::: Supplied entries :::
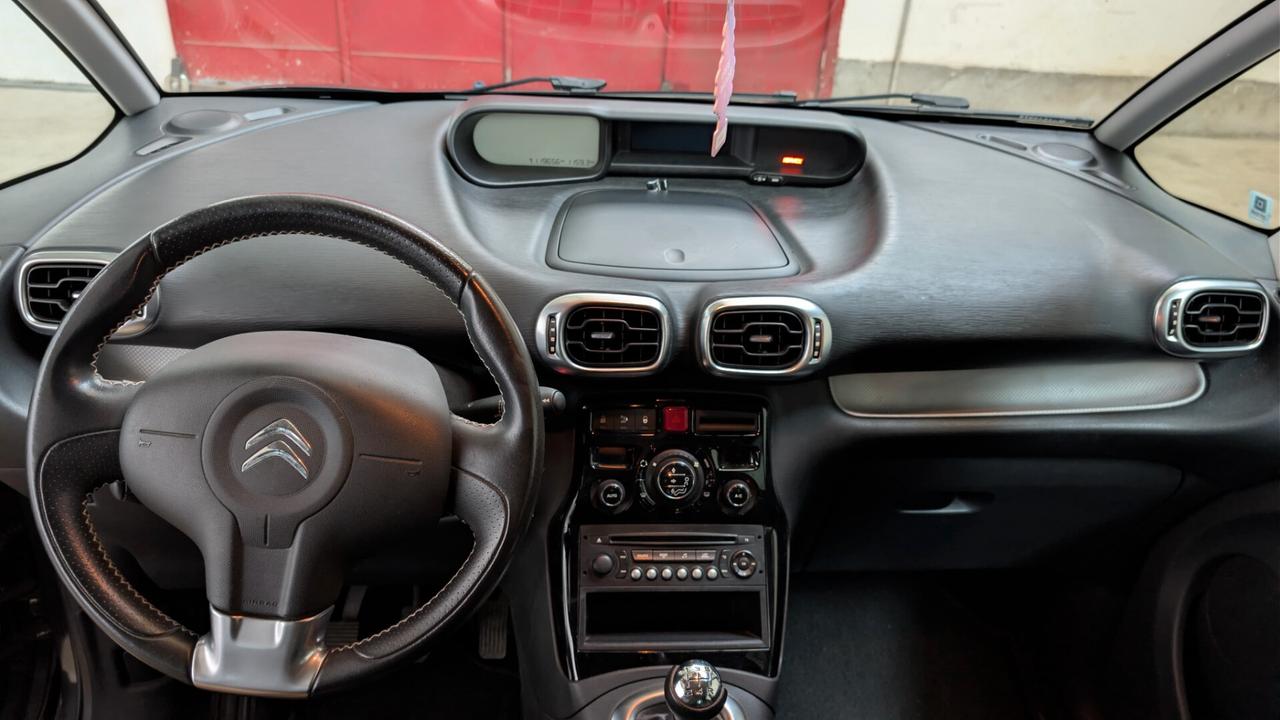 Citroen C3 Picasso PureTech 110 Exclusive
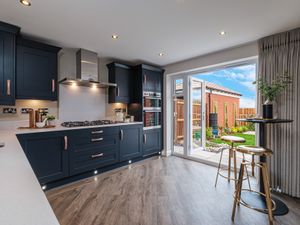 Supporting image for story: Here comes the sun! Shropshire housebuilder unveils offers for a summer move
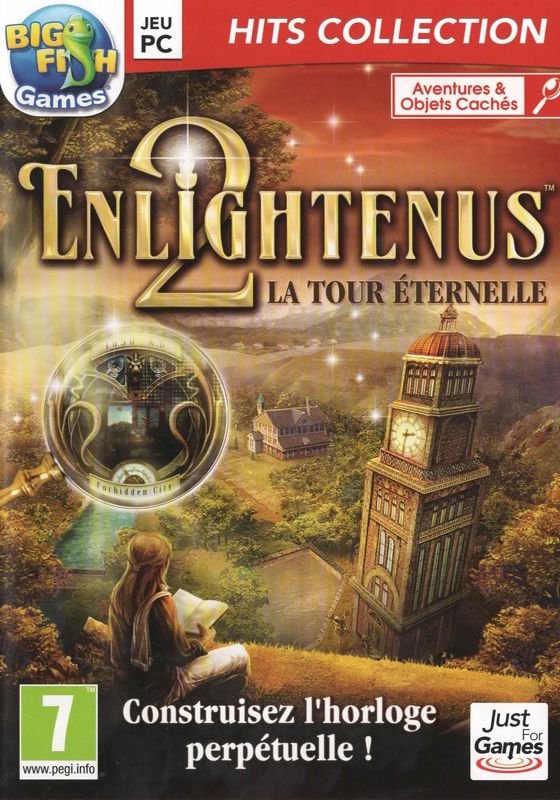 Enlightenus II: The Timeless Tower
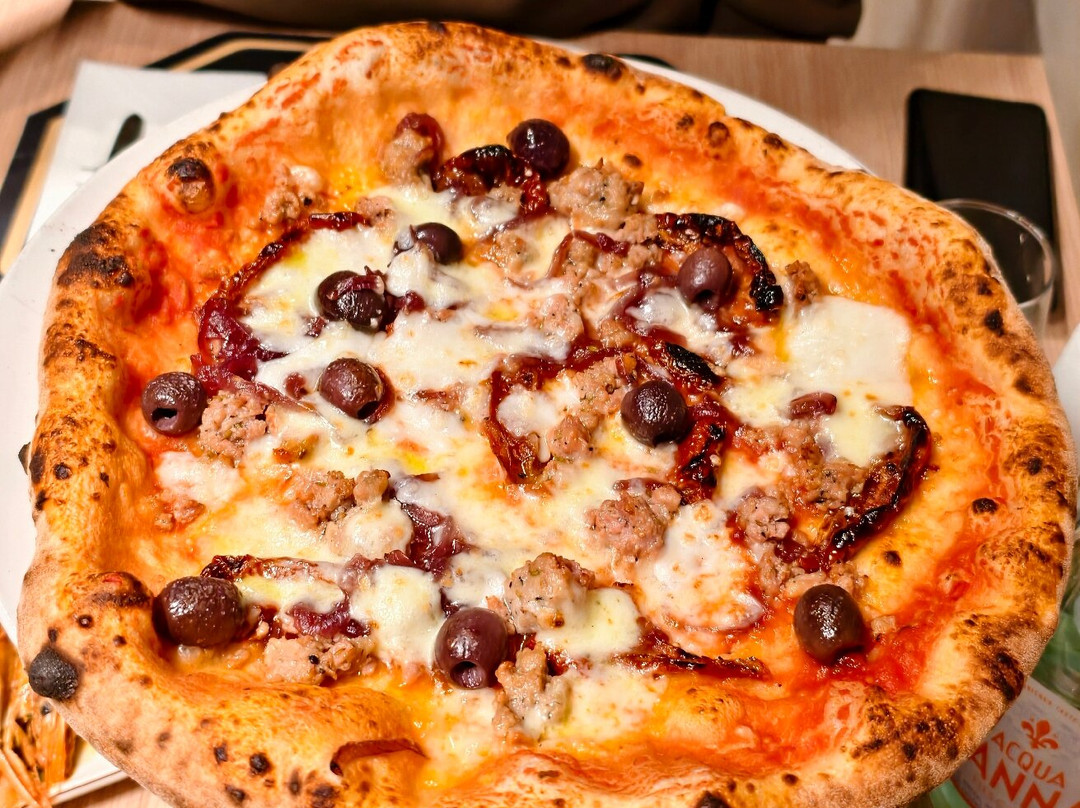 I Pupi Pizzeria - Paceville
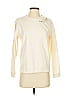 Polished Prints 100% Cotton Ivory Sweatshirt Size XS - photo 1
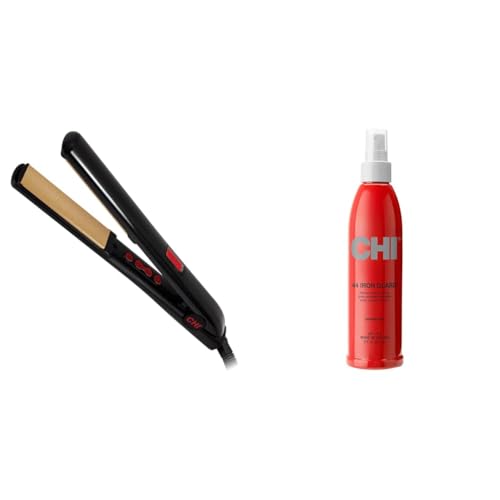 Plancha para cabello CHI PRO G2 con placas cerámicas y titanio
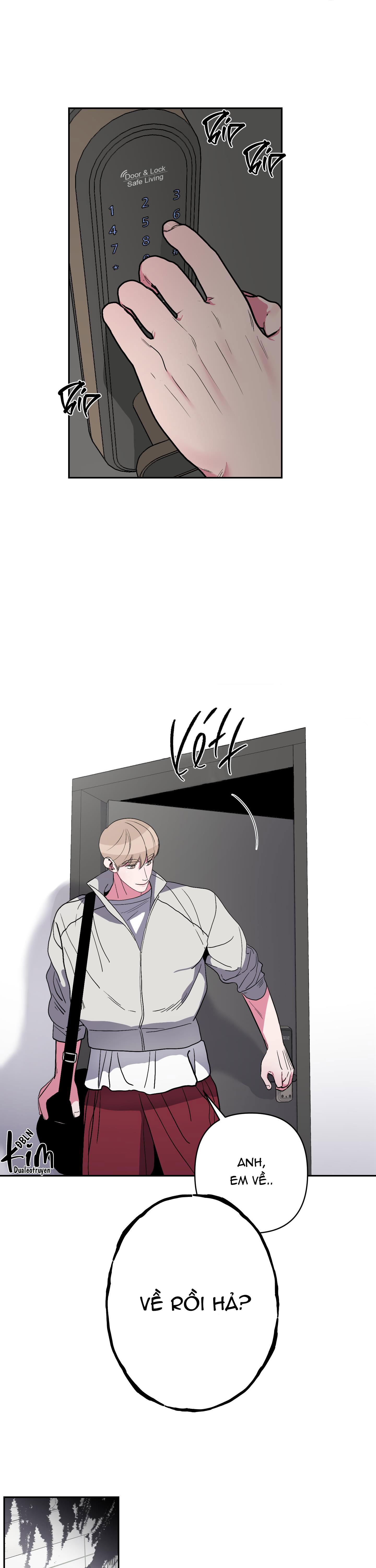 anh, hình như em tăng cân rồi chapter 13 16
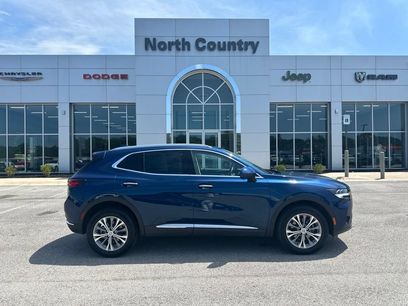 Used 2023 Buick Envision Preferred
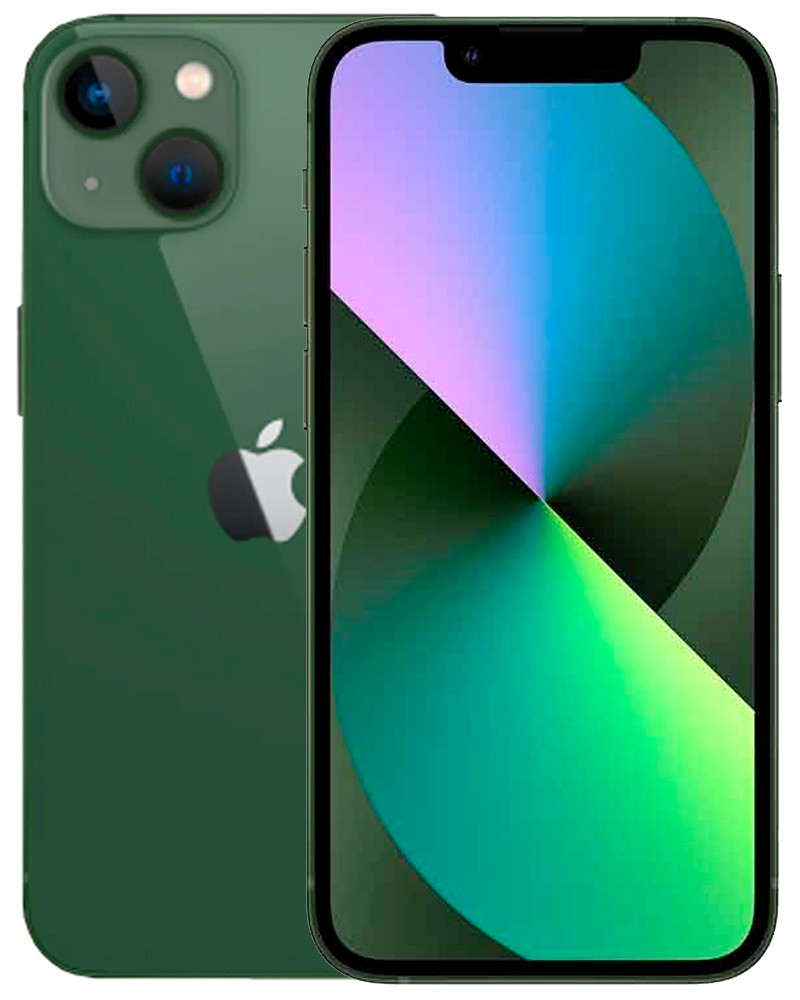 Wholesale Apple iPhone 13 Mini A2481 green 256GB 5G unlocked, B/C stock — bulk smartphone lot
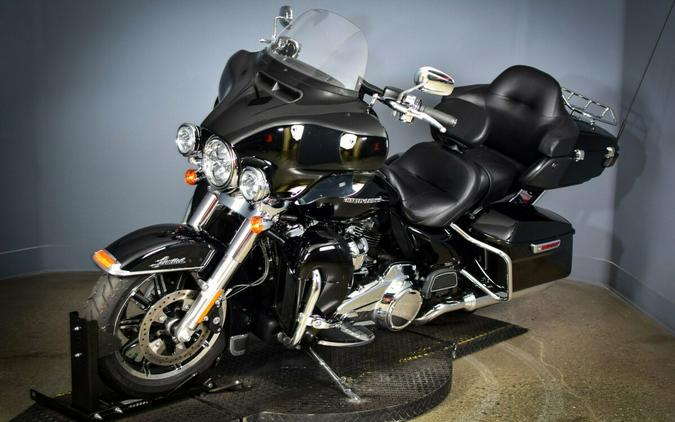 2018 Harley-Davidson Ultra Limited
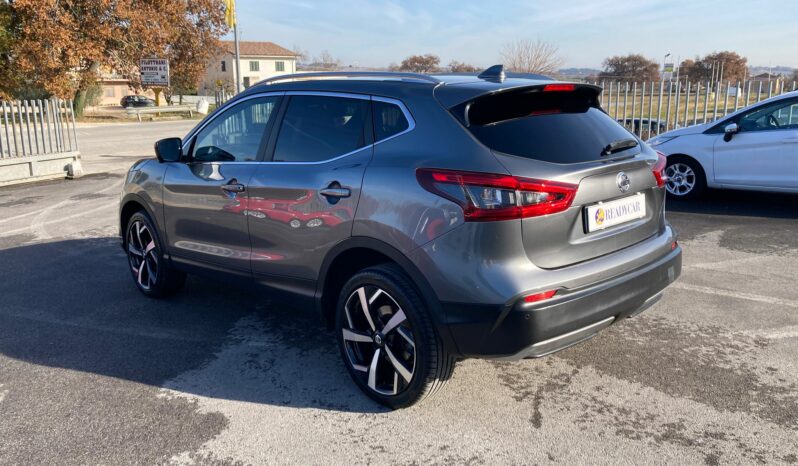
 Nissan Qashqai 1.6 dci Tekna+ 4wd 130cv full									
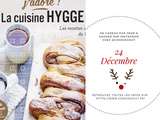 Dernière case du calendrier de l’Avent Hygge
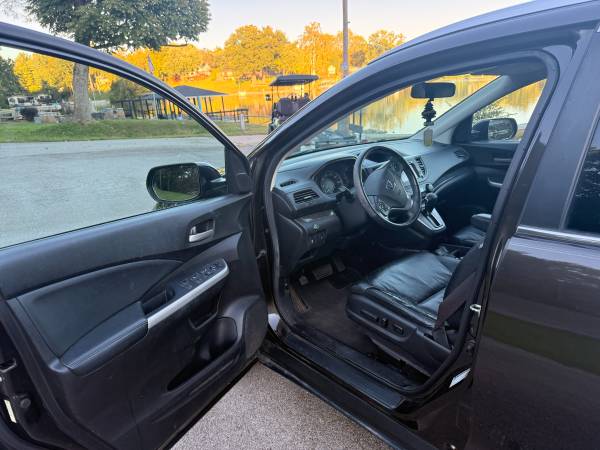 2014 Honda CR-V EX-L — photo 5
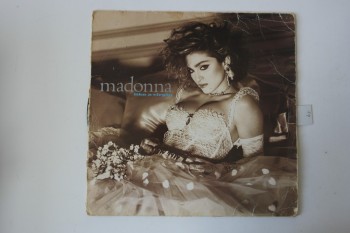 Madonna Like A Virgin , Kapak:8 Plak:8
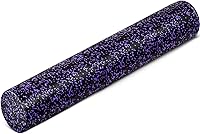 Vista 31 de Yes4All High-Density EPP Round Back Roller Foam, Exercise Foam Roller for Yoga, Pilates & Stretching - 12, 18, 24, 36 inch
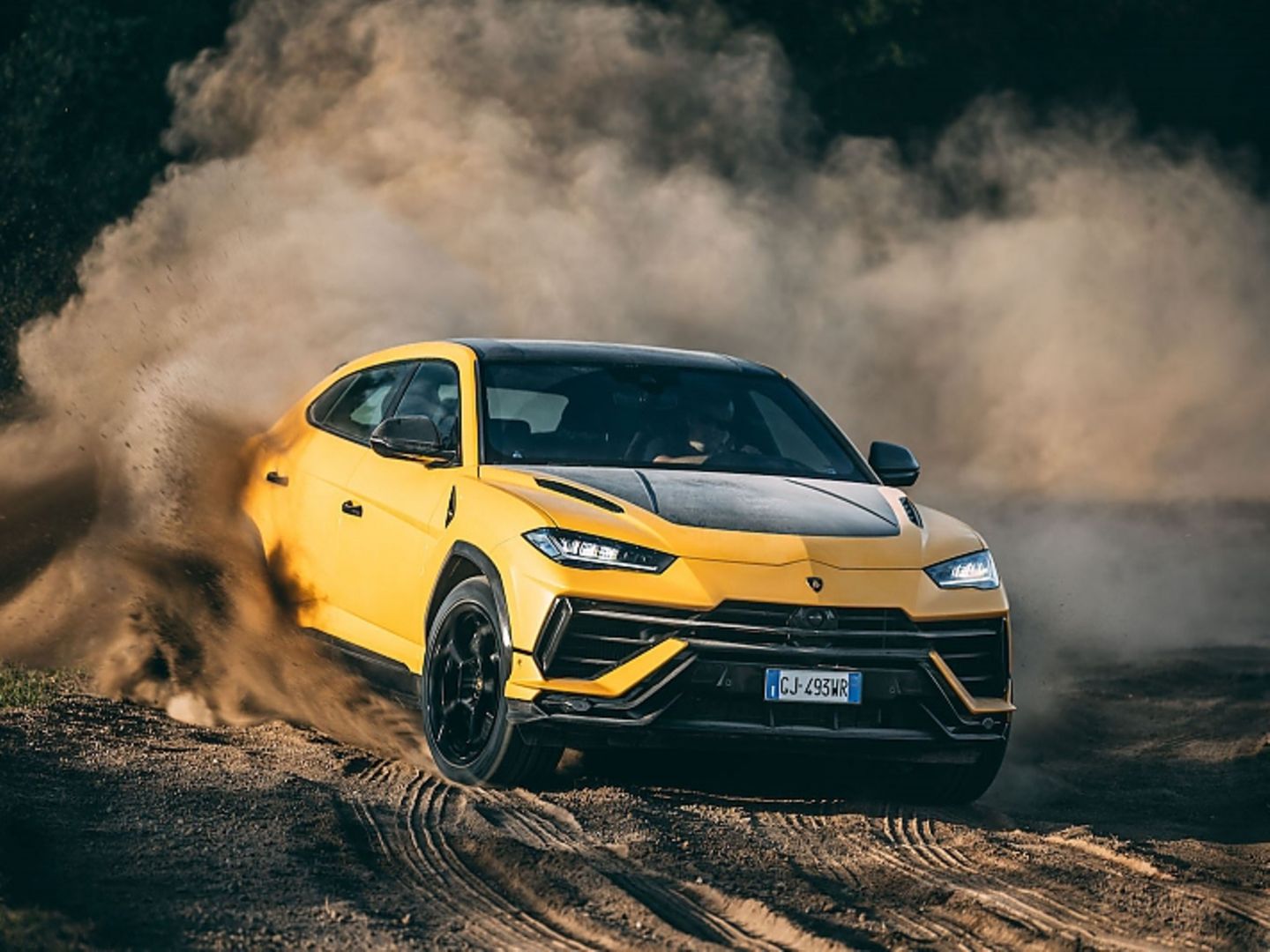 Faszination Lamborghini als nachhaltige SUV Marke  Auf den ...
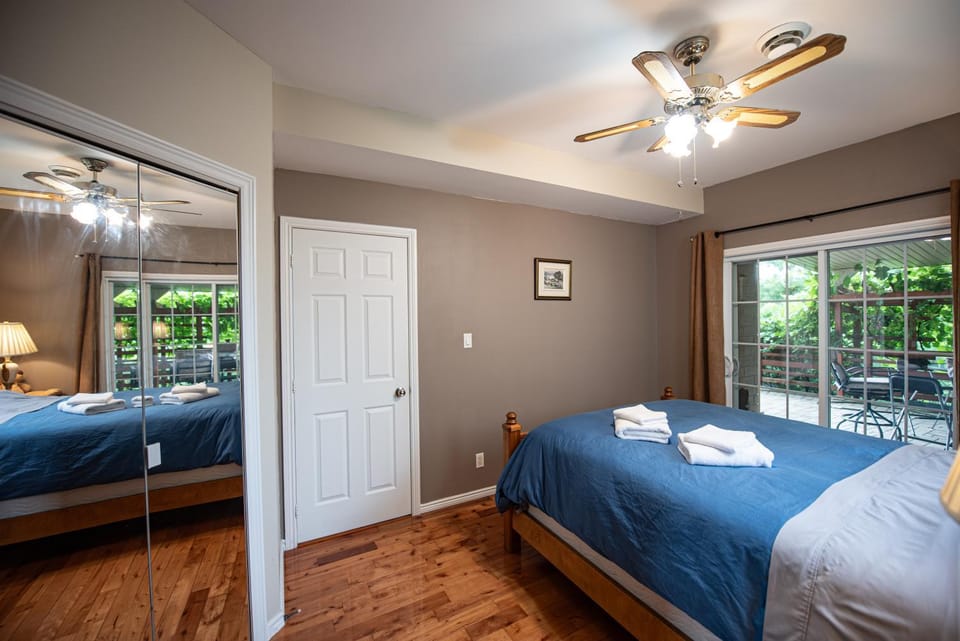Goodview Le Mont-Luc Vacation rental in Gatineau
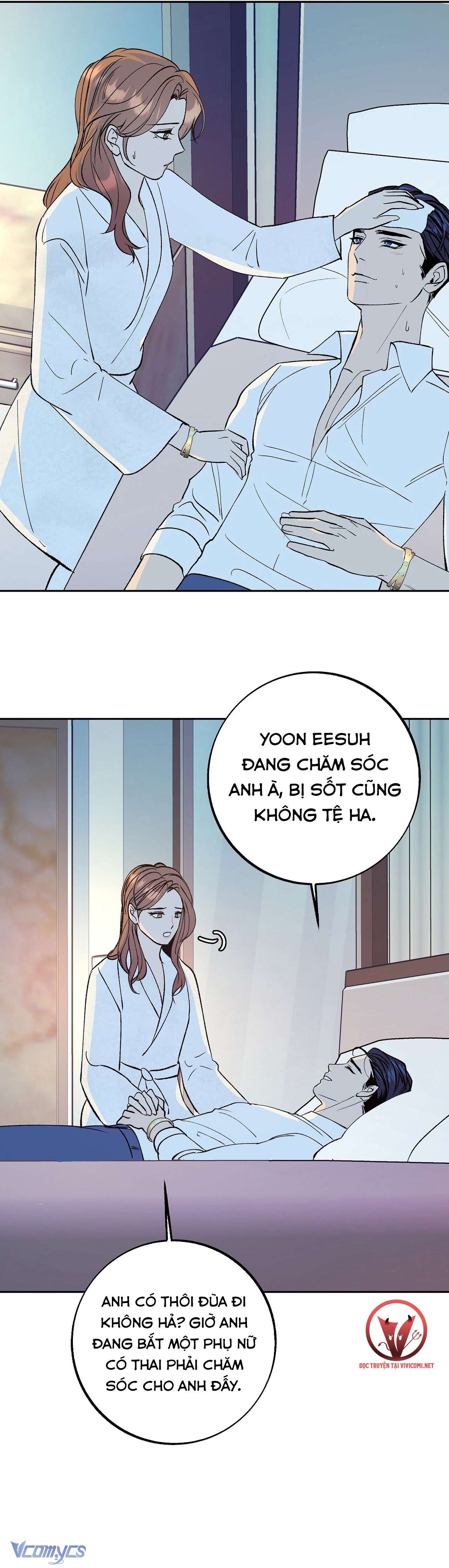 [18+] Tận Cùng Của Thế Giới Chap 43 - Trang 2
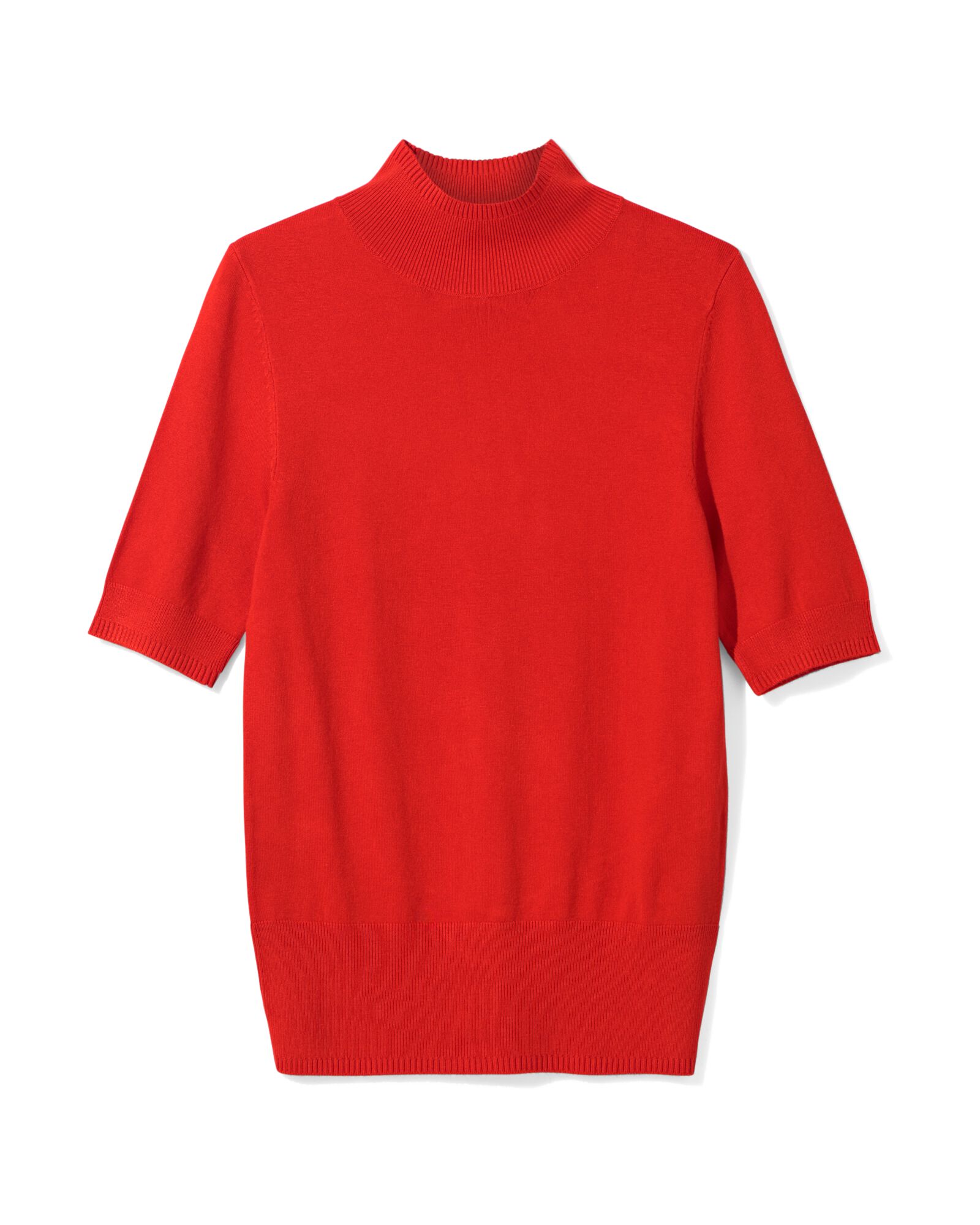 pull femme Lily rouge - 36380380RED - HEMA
:::
## [What you have to do]
From the data above, return exactly the lines from the one with "Used 2023 Buick Envision Preferred" up to and including the one with "Faszination Lamborghini als". Pictures do not go in the copy.

## [Answer area]
 Used 2023 Buick Envision Preferred
 Wholesale Apple iPhone 13 Mini A2481 green 256GB 5G unlocked, B/C stock — bulk smartphone lot
 2018 Harley-Davidson Ultra Limited
 Nissan Qashqai 1.6 dci Tekna+ 4wd 130cv full									
 Dernière case du calendrier de l’Avent Hygge
 2014 Honda CR-V EX-L — photo 5
 Madonna Like A Virgin , Kapak:8 Plak:8
 Vista 31 de Yes4All High-Density EPP Round Back Roller Foam, Exercise Foam Roller for Yoga, Pilates & Stretching - 12, 18, 24, 36 inch
 Faszination Lamborghini als nachhaltige SUV Marke  Auf den ...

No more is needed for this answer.